Acquisitions. Après JPMorgan AM, Candriam, Franklin Templeton, Fidelity International… c’est au tour d’Aberdeen Standard Investments (ASI) d’avancer ses pions dans le marché des ETF (exchange traded funds). Ce gérant actif vient de mettre la main sur les activités américaines d’ETF Securities. Tombent dans l’offre produit de l’écossais huit ETF, totalisant environ 2,8 milliards de dollars (2,3 milliards d’euros) d’actifs sous gestion à fin avril et spécialisés dans les métaux précieux et les matières premières. De son côté, ETF Securities poursuit son recentrage sur l’Australie. L’an passé, le groupe vendait 80 % de ses 25 milliards de dollars d’actifs sous gestion : ses produits européens (ETC : exchange traded commodities) sur les matières premières à WisdomTree, et Canvas, sa plate-forme européenne d’ETF, à Legal & General Investment.
La réforme de l’épargne engagée par le gouvernement Philippe pourrait bien un jour compter parmi les plus importantes du quinquennat.

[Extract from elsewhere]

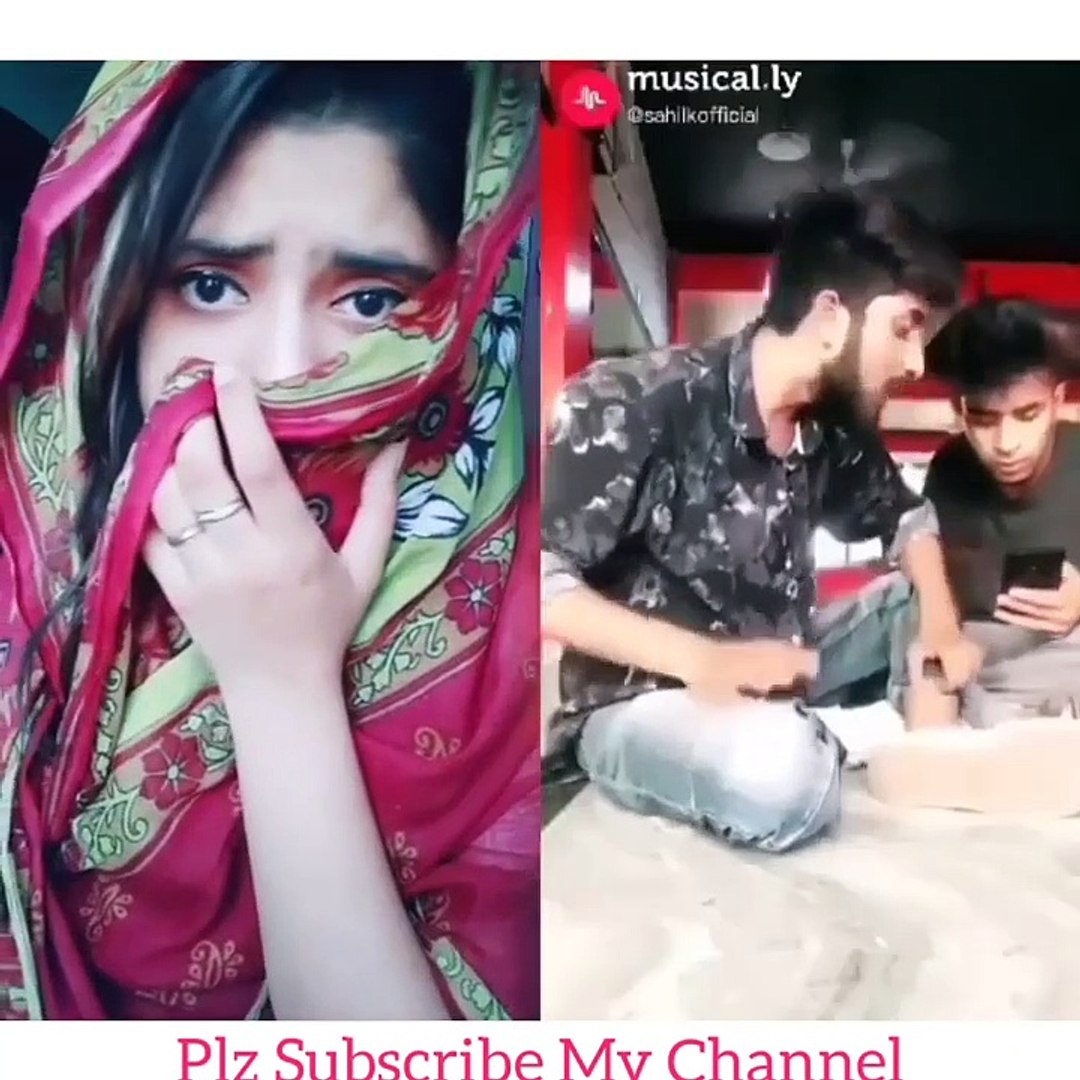 18+Tik tok Adult comedy videos_ Full gaali masala video in Hindi_hr16aale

Il est certain que la « flat tax » à 30 %, la mutation de l’ISF en impôt sur la fortune immobilière (IFI), le remodelage de l’assurance-vie et, surtout, l’homogénéisation et la simplification des produits d’épargne-retraite auront un effet puissant, même s’il sera sans doute lent et progressif, sur les flux d’épargne des Français. Lorsque les historiens feront le bilan de ces mesures, on peut espérer qu’ils y verront le déclencheur d’un rééquilibrage urgent du patrimoine des ménages au détriment de l’immobilier physique, et l’amorce d’un retour vers le placement en actions, trop dangereusement délaissé. Elles pourraient surtout donner le signal du basculement massif des ménages vers le financement du troisième voire du quatrième âge de leur vie.
La ministre française du Travail, Muriel Pénicaud, est convoquée par un juge le 22 mai prochain en tant que témoin assisté dans l’affaire Business France, a appris Reuters mardi de son entourage, confirmant une information du Canard enchaîné. Le parquet de Paris a lancé une information judiciaire pour favoritisme et recel de favoritisme, concernant l’organisation d’une coûteuse soirée de promotion de la «French Tech» à Las Vegas en 2016 autour d’Emmanuel Macron, alors ministre de l’Economie. Il reproche à Muriel Pénicaud, alors responsable de Business France d’avoir confié à Havas l’organisation de l'événement sans mise en concurrence.
Les ambassadeurs des 28 pays de l’UE à Bruxelles ont validé mardi le principe d’une amende de 26,82 millions d’euros à l’encontre de l’Autriche pour manipulations de statistique. La décision sera officiellement adoptée au niveau ministériel d’ici la fin du mois. Les faits remontent à 2012, mais le projet d’amende était coincé depuis plus d’un an au niveau inter-étatique en raison d’un blocage politique. Le déblocage ne s’est fait qu’au prix d’une diminution du montant – de 29,8 à 26,8 millions d’euros.